Wampler Pedals is a company located in Martinsville, Indiana that produces effects units to be used with guitar and bass guitar as well as guitar amplifiers. Founded by Brian Wampler in 2007, Wampler Pedals is considered part of the boutique guitar pedal industry.

== History ==
Wampler Pedals originated from the hobbyist work of founder Brian Wampler. Wampler began playing guitar around age 7, and eventually became a self-proclaimed "gear nut". In 2001, Paul Weller, a friend of Wampler, modified a pedal for him, leading Wampler to learn more about how pedals worked and were designed. Wampler began to teach himself how pedals worked and were designed in his late 20s, using online resources like the DIYstompboxes.com community, mirroring the path of other boutique builders like Jamie Stillman of EarthQuaker Devices.

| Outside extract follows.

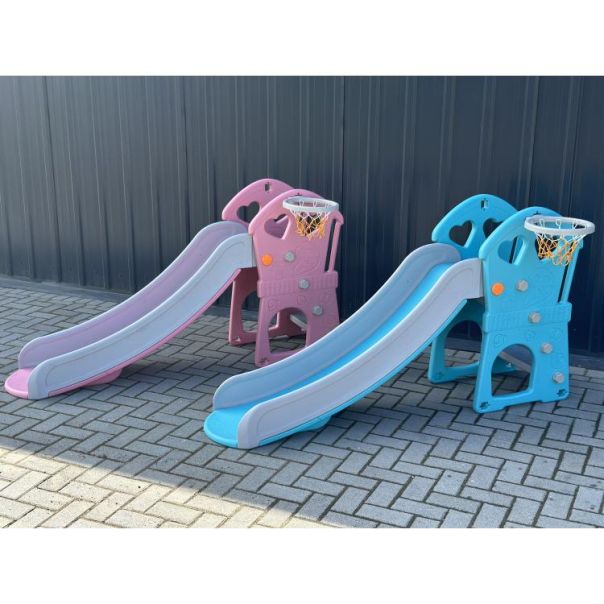 WINNER BIKE TOBOGAN 180X76X98cm PINK - OUT0023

The Wampler Pedals name was formally adopted after Brian Wampler developed a personal brand and persona in the DIY guitar community. Wampler contributed to the DIY community via email exchanges that at times took up hours of each evening. In a move designed to professionalize his work, Wampler eventually self-published a series of books on guitar pedal design that he represents as helping launch the career of several popular boutique guitar pedal builders. In this early phase of the company's development, Brian Wampler operated under the name Indyguitarist. In 2007, the company began to operate under the Wampler Pedals name, which became official in 2009.

The company and its founder have participated in the DIY community by writing articles for Premier Guitar and hosting a podcast on guitar gear, Chasing Tone. The company also regularly posts blogs on gear-related topics as part of a larger content-strategy.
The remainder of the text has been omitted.